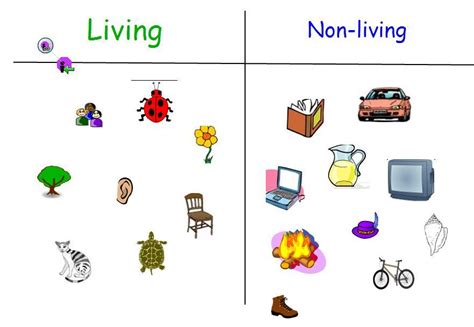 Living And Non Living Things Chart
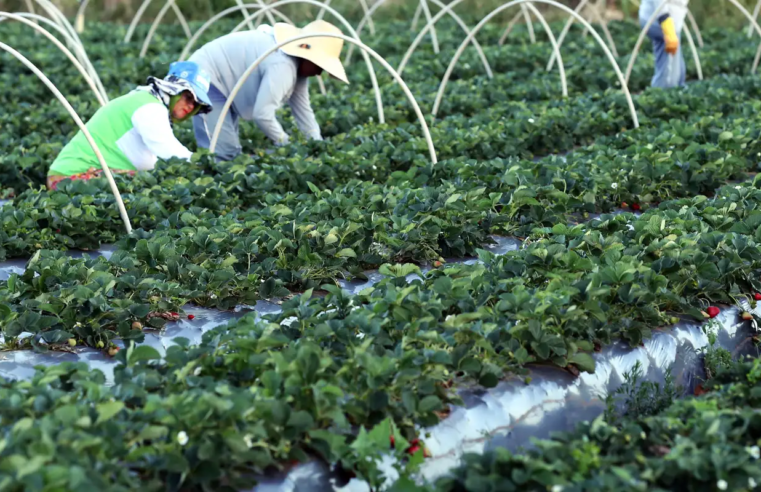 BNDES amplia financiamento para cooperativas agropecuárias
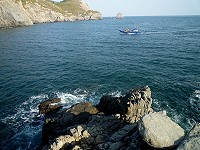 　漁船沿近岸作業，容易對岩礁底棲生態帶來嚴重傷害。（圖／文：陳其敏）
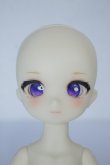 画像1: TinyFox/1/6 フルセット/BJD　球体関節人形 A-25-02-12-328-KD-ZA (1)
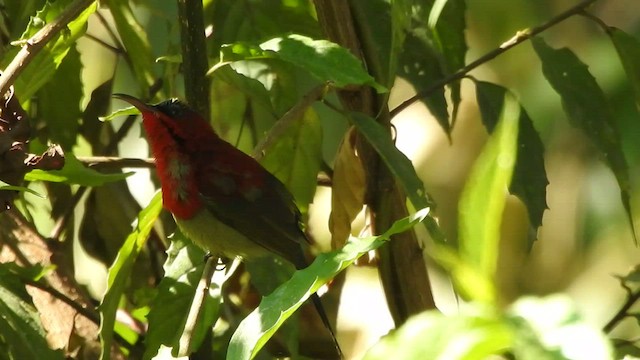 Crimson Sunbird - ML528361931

What is needed: Only what runs from the line containing "BNDES amplia financiamento" through the end of the entries above should be extracted, exactly and without pictures.

Solution to the exercise:
 BNDES amplia financiamento para cooperativas agropecuárias
 　漁船沿近岸作業，容易對岩礁底棲生態帶來嚴重傷害。（圖／文：陳其敏）
 画像1: TinyFox/1/6 フルセット/BJD　球体関節人形 A-25-02-12-328-KD-ZA (1)
 Crimson Sunbird - ML528361931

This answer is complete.